To further evaluate and compare the discriminative performance of the machine learning models, receiver operating characteristic (ROC) curves were generated for each classifier (Figure 1). The ROC curve is a powerful tool for illustrating the relationship between the true-positive rate (TPR) and false-positive rate (FPR) across different classification thresholds. A model with a ROC curve that rises sharply toward the upper-left corner demonstrates superior performance, as it maximizes true positives while minimizing false positives. The area under the ROC curve (AUC-ROC) summarizes this performance: values approaching 1.0 indicate excellent discriminative ability, whereas values near 0.5 suggest little to no predictive power. The HyperPipes classifier achieved an AUC-ROC of 0.9784, indicating strong class separability between DEcircRNA and random circRNA. The remaining classifiers showed lower AUC-ROC values, suggesting reduced discriminative performance. Overall, HyperPipes showed the highest performance among the evaluated classifiers under the cross-validation framework.

To further assess model performance, a small supplementary evaluation was conducted using 11 DEcircRNAs reported in a previous study by Reiisi et al. [2]. The HyperPipes model correctly classified 10 out of 11 instances (90.91% accuracy). While this result is consistent with the patterns observed during cross-validation, it should be interpreted cautiously given the dataset’s limited size and lack of independence. This supplementary analysis provides additional support for the model’s prediction consistency, but it does not constitute formal external validation and has limited generalizability.

2.3. Analysis of the Descriptors

Several exploratory visual analyses were performed to characterize sequence-derived and miRNA-derived descriptors and to highlight features that most effectively distinguish DEcircRNAs from randomly selected circRNAs (Figure 2). These analyses were conducted on the 94 descriptors retained after attribute selection, which included both k-mer sequence features and circRNA–miRNA interaction features. To further explore these patterns, a volcano plot, a boxplot with jitter, and a violin plot were generated to compare the distributions and statistical enrichment of key descriptors.
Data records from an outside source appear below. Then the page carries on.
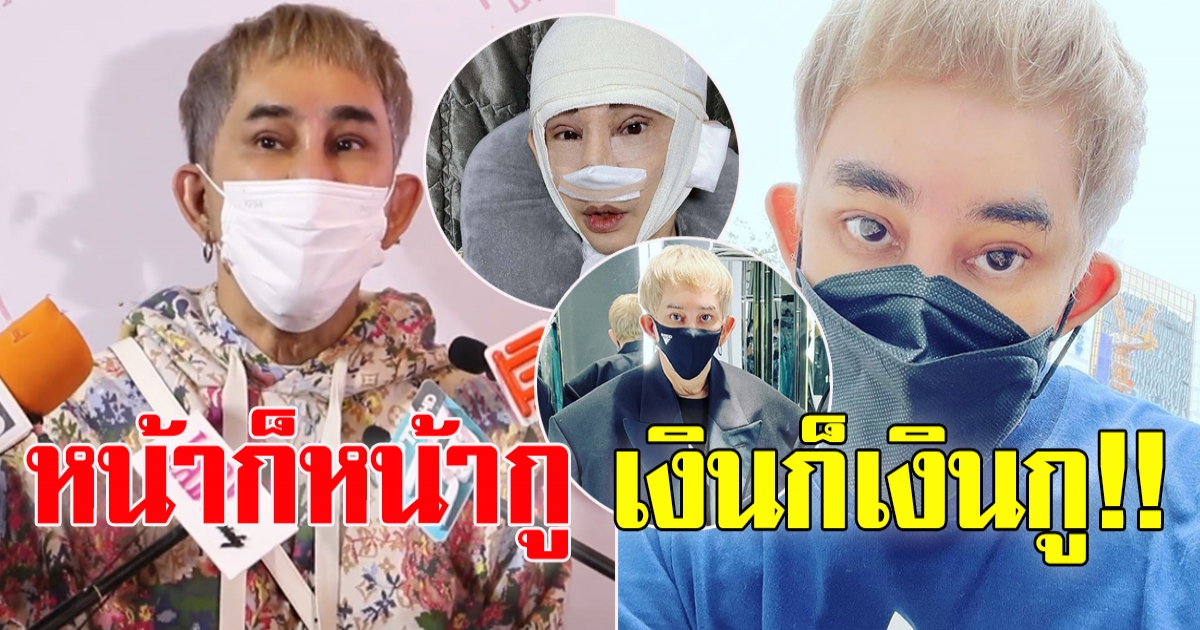 พจน์ อานนท์ ทำหน้าใหม่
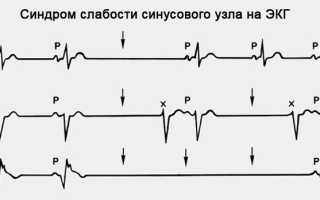 Экг синдром слабости синусового узла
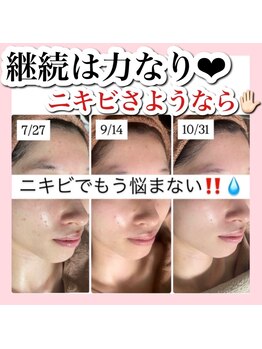 アルムダアクア 天王寺店(Aleumda AQUA)/ハーブピーリング/大阪/天王寺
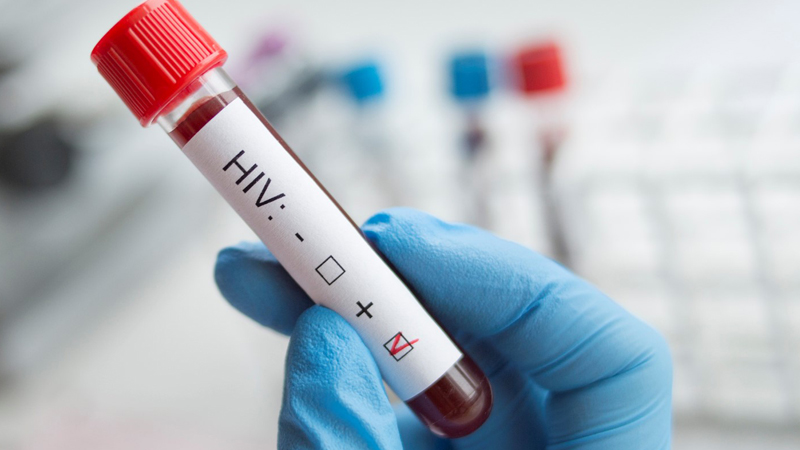 New highly virulent HIV variant detected in the Netherlands 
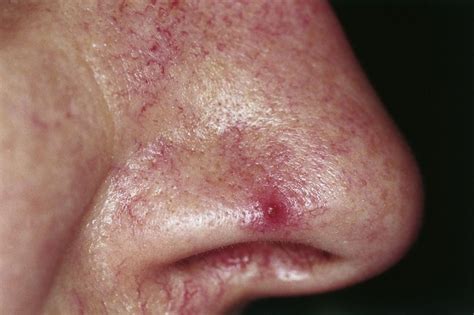 Bleeding Pore on Nose [11 Possible Causes and Treatments] - Skin Care Geeks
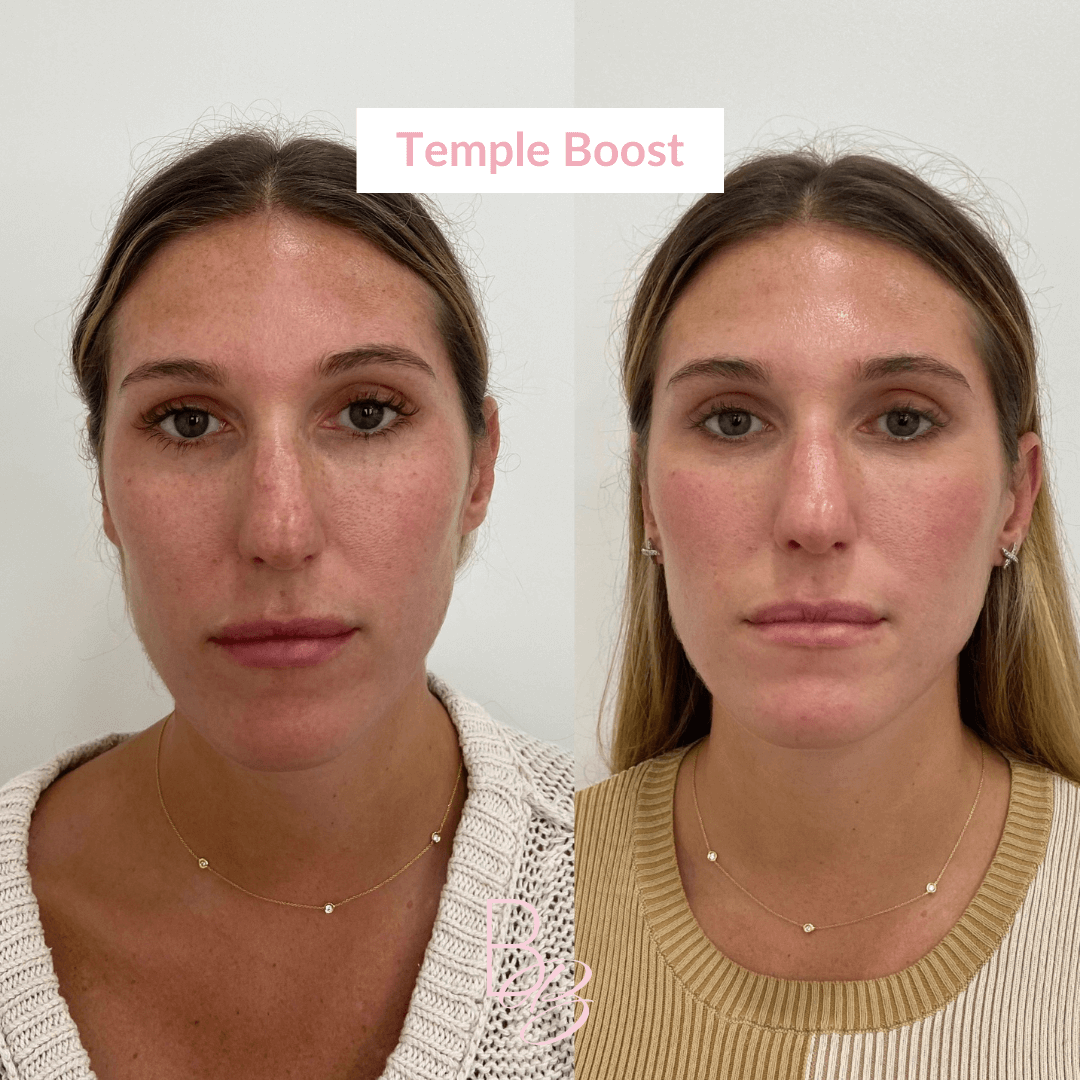 Before and After results of Temple Boost treatment | Beauty Boost Med Spa in Newport Beach, CA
The volcano plot highlights the top ten statistically significant features distinguishing DEcircRNAs from random circRNAs. Features on the positive side of the x-axis represent enrichment in DEcircRNA, whereas those on the negative side of the x-axis indicate depletion in DEcircRNA. Among the enriched features, several miRNA-associated attributes—hsa-miR-7843-5p, hsa-miR-33b-3p, hsa-miR-153-3p, hsa-miR-3160-5p, hsa-miR-143-5p, and hsa-miR-2110—were upregulated in DEcircRNA, as they showed a positive log₂ fold change and a p-value < 0.05, indicating higher representation in ASD-related circRNAs. In contrast, sequence-based descriptors such as kmer_4_GGCG, along with target miRNAs including hsa-miR-125a-3p, hsa-miR-3681-5p, and hsa-miR-3154, were downregulated in DEcircRNA, due to exhibiting a negative log₂ fold change and a p < 0.05, suggesting their reduced abundance in DEcircRNAs.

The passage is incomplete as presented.